#### YOUR OBJECTIVE:
Retype, word for word, each line between the lines holding "By navigating to" and "Hormones are giving", inclusive, and leave the rest of the data alone.

#### DATA SHOWN:
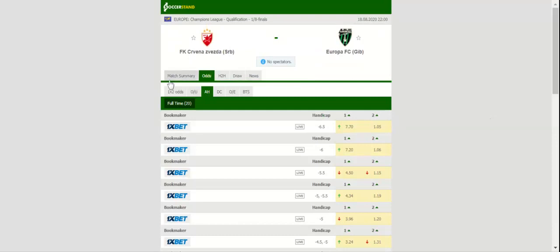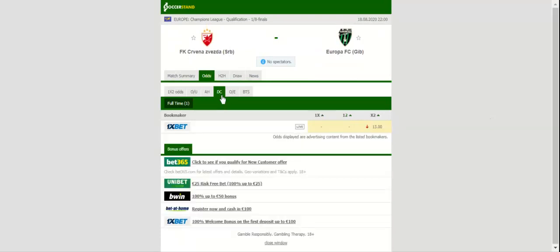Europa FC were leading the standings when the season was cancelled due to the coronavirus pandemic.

--

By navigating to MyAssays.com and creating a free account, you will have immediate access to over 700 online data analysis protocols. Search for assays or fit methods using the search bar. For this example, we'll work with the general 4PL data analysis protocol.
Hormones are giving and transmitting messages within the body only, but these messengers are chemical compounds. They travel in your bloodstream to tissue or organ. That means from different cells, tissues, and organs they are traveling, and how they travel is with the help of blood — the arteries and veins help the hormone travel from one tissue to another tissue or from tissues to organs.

#### FINISHED TASK:
By navigating to MyAssays.com and creating a free account, you will have immediate access to over 700 online data analysis protocols. Search for assays or fit methods using the search bar. For this example, we'll work with the general 4PL data analysis protocol.
Hormones are giving and transmitting messages within the body only, but these messengers are chemical compounds. They travel in your bloodstream to tissue or organ. That means from different cells, tissues, and organs they are traveling, and how they travel is with the help of blood — the arteries and veins help the hormone travel from one tissue to another tissue or from tissues to organs.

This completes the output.